Cassidy is uneasy about Ally's presence at wedding parties. She performs with her punk rock band at a bar, and later shares a table with Ally to talk about Sean. Cassidy tells Ally that she plans to stop touring with her band to settle down with Sean after marriage. Ally notices that she is unhappy about this.

Kayla finds information about Cassidy's parents, and Ally asks her to send them an anonymous invitation to the wedding. When Ally and Cassidy spend more time with each other, Ally realizes her impression of her was mistaken. They bond over common interests, even ending up streaking together on a golf course after smoking cannabis. Sean is distracted by their growing closeness.

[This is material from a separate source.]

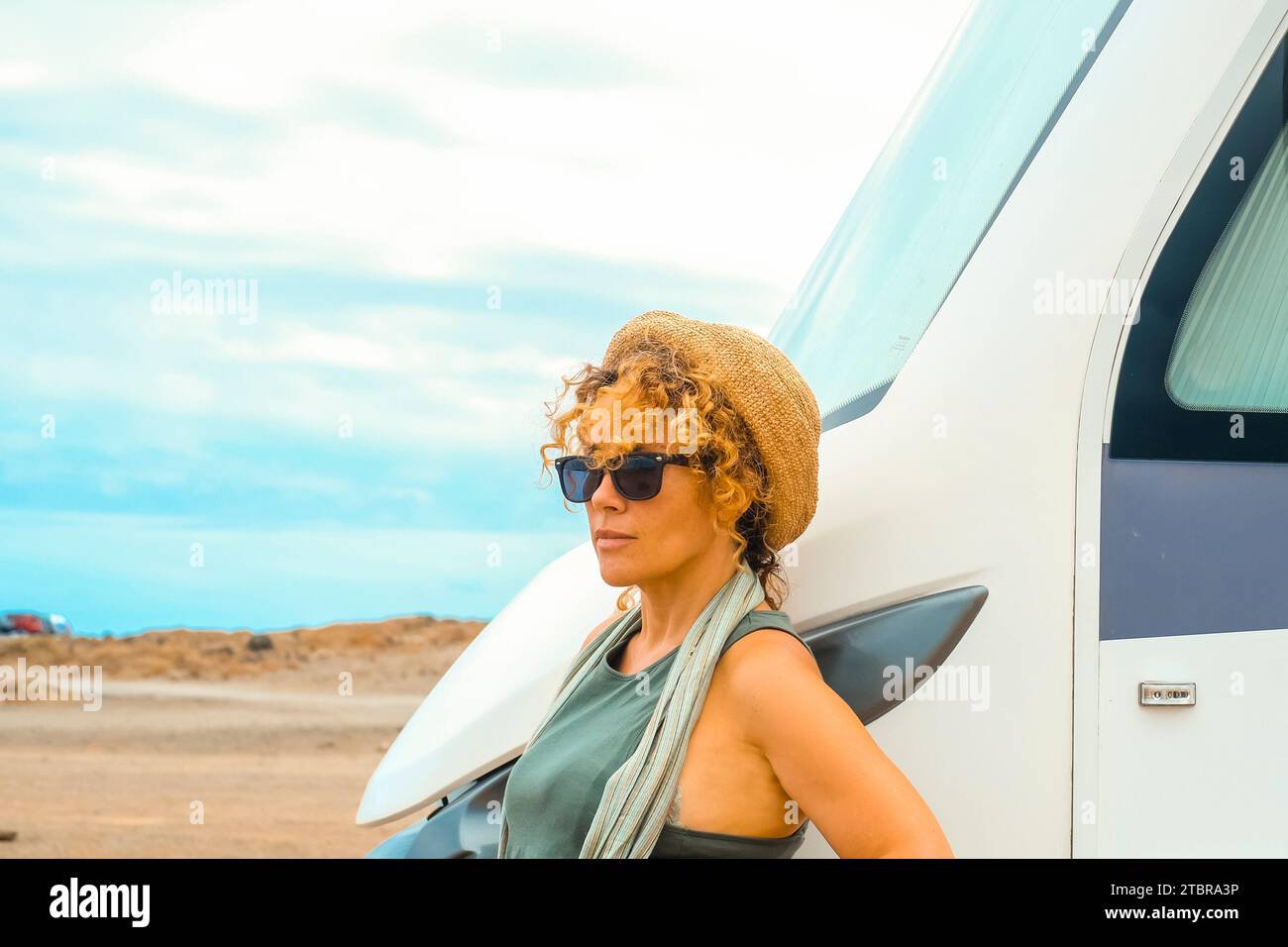 One solo alone woman traveler look outside her modern big camper van motorhome. Concept of living adventure. Nomadic travel lifestyle. Vanlife. Female driver of big vehicle. Scenic independent lady Stock Photo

On the eve of the wedding, Cassidy is surprised to see her parents. Ally does not confess to inviting them, leading Cassidy to blame Sean for it and call off the wedding. At their hotel, Ally tries to correct her mistake by getting Sean and Cassidy to understand each other better. Sean realizes he is suppressing Cassidy's career and apologizes. Meanwhile, Ally takes the blame for inviting Cassidy's parents, and Cassidy reneges on cancelling the wedding.

Ally leaves the event permanently and returns to her mother's house, where they have a heart-to-heart about being one's true self. Ally leaves for Los Angeles, but makes a pact to visit more often. Dessert Island is picked up for another season, but Ally passes showrunning duties on to Kayla. She chooses to focus on her interests, picking up another show instead, which centers around the topic of nudism.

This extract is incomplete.